TASK INPUT:

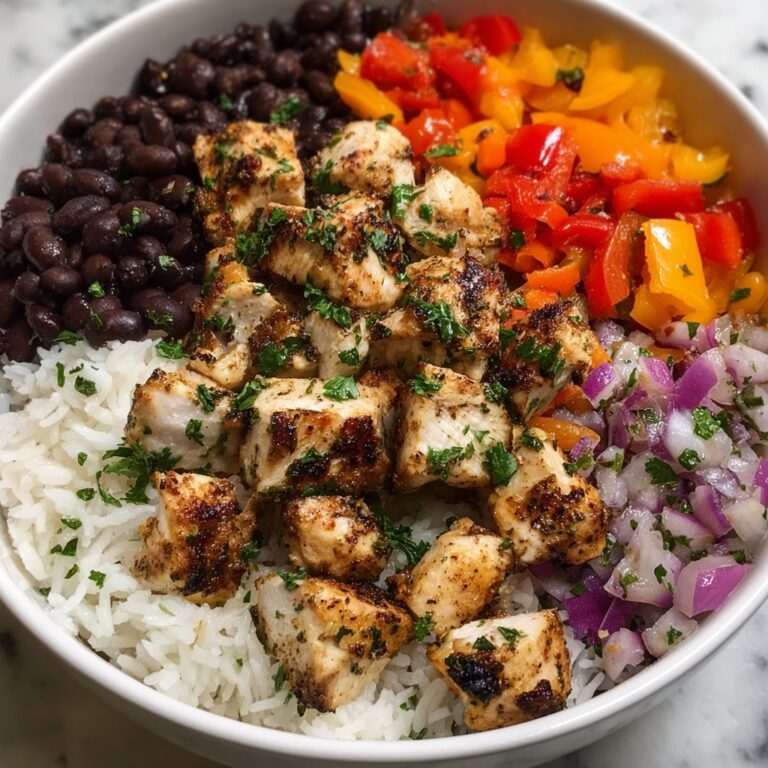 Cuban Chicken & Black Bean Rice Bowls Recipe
---
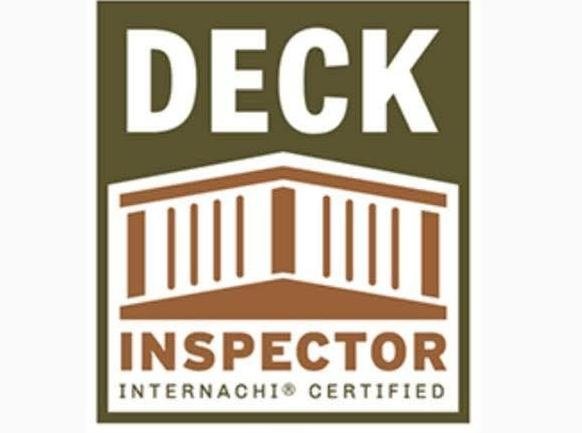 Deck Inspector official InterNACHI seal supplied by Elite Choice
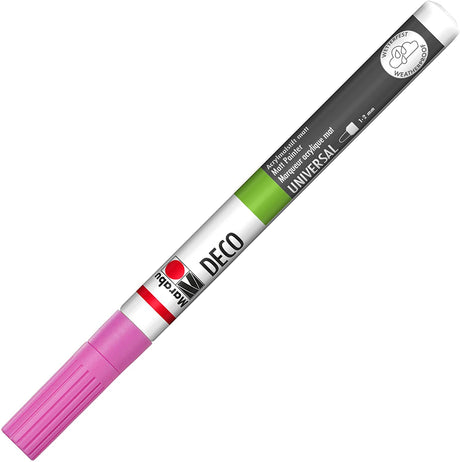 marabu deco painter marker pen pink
---
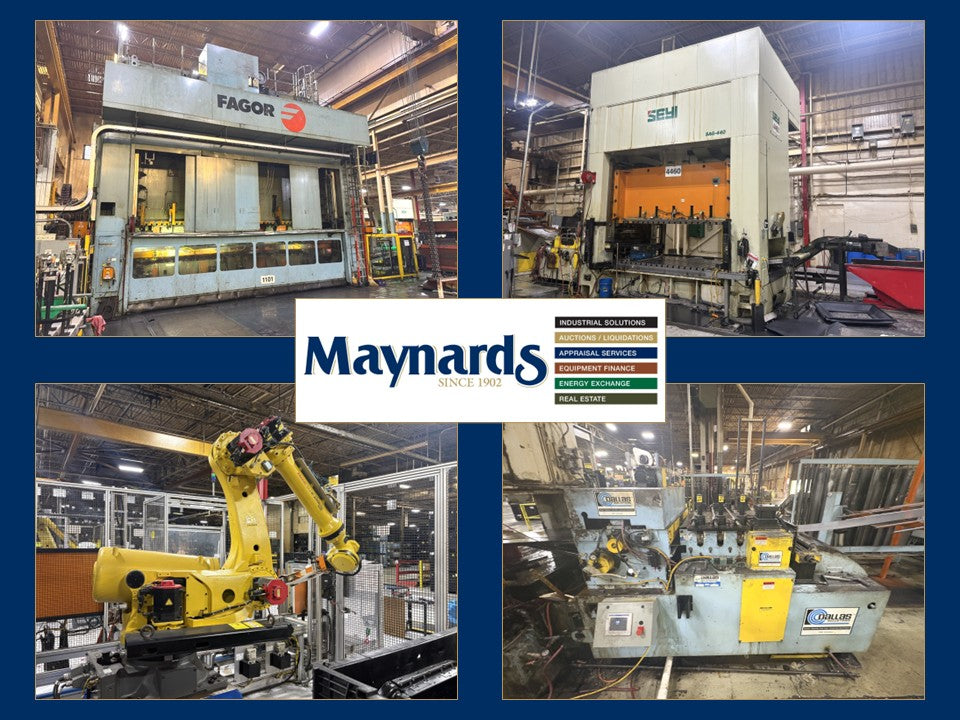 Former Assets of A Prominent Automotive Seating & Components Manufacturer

EXERCISE:
All that is wanted is the lines above between the one containing "Deck Inspector official" and the one containing "marabu deco painter marker pen pink", inclusive, restated word for word, with pictures omitted.

RESULT:
 Deck Inspector official InterNACHI seal supplied by Elite Choice
 marabu deco painter marker pen pink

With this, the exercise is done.